Ja Morant being in a “Quality Starters” tier tells you what kind of season this has been for him. The numbers are not terrible, but they are not close to the level that used to make him an automatic All-Star conversation. Morant is at 19.5 points, 8.1 assists, and 3.3 rebounds per game, while shooting 41.0% from the field.
The first problem is availability. Morant has played 20 games. That is not enough volume to compete with guards who have been producing across 45 to 55 games, especially when his efficiency has been this shaky. And the efficiency drop matters because Morant’s game is built on pressure: rim attacks, paint touches, and forcing defenses to collapse. When the finishing is not elite, and the jumper is not scaring anyone, the whole profile looks smaller.

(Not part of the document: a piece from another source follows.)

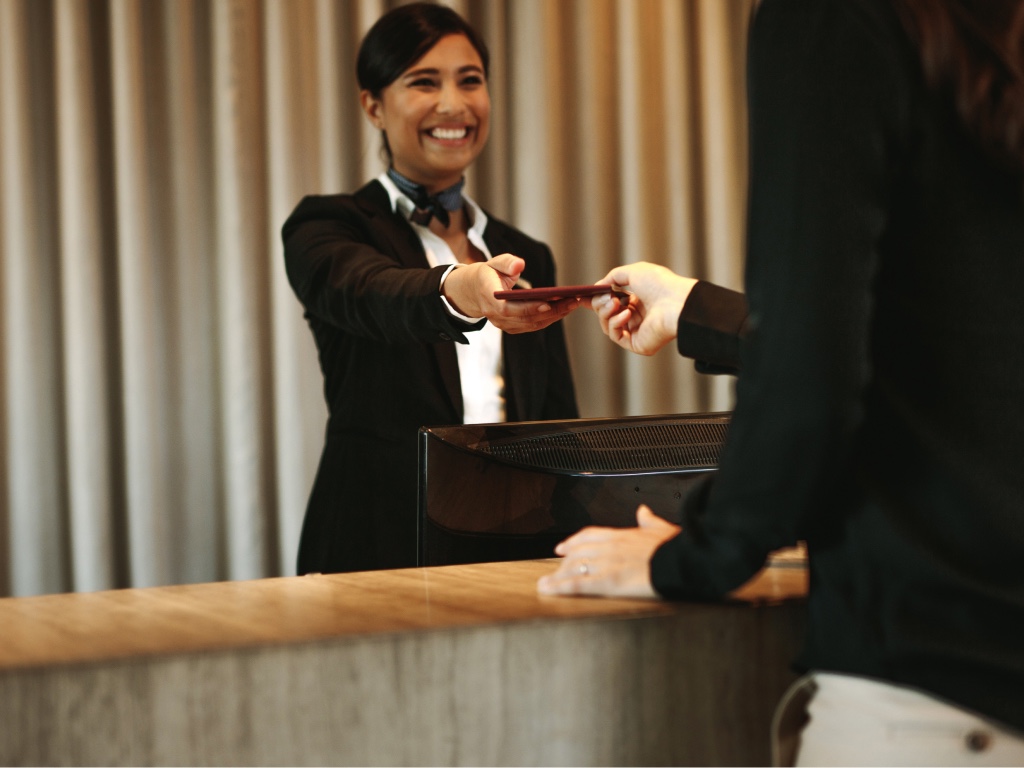 Hotel team member handing a guest their room key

The team results have not helped him either. The Grizzlies are 20-33 and sitting 11th in the West. That is the type of record that usually kills fringe cases, and Morant has not had the dominant scoring stretch to override it.
This tier is basically the honest middle ground. Morant has still flashed the passing and burst that make him dangerous, and 8.1 assists show he is still creating. But this season, the combination of limited games, weak shooting efficiency, and a team outside the picture puts him closer to “good starter when available” than “elite guard season.”
LaMelo Ball has been productive enough to stay in the conversation, but the efficiency and the team context are the reasons he slides into this tier instead of the higher ones. Ball is averaging 19.3 points, 4.8 rebounds, and 7.4 assists per game. The issue is the shot profile: 40.1% from the field, which is a tough number for a high-usage lead guard.
Unlike Trae Young and Ja Morant, Ball has at least been on the floor a decent amount. He has played 45 games. That makes this less about “he did not play enough” and more about “his season has been uneven.” When your field-goal percentage sits around 40%, it usually means you are living on difficult jumpers and not getting enough easy points at the rim. Ball’s playmaking is still real, and 7.4 assists keep him in starter-plus territory. But the scoring impact is not as clean as it needs to be for All-Star tiers.
The Hornets have also been stuck in the middle. They are 26-29, ninth in the East, which is not bad, but it is not the kind of team story that pushes a guard into the event when the efficiency is shaky. And he didn’t make the 2026 All-Star roster, which matches how this season has felt: good box score nights, but not enough week-to-week dominance to force the vote.
Ball is still clearly a starting point guard who can run offense and create looks. This season just has not looked like the rising, clean, star-level version people expected. The production is there. The efficiency and the team level are what held him back.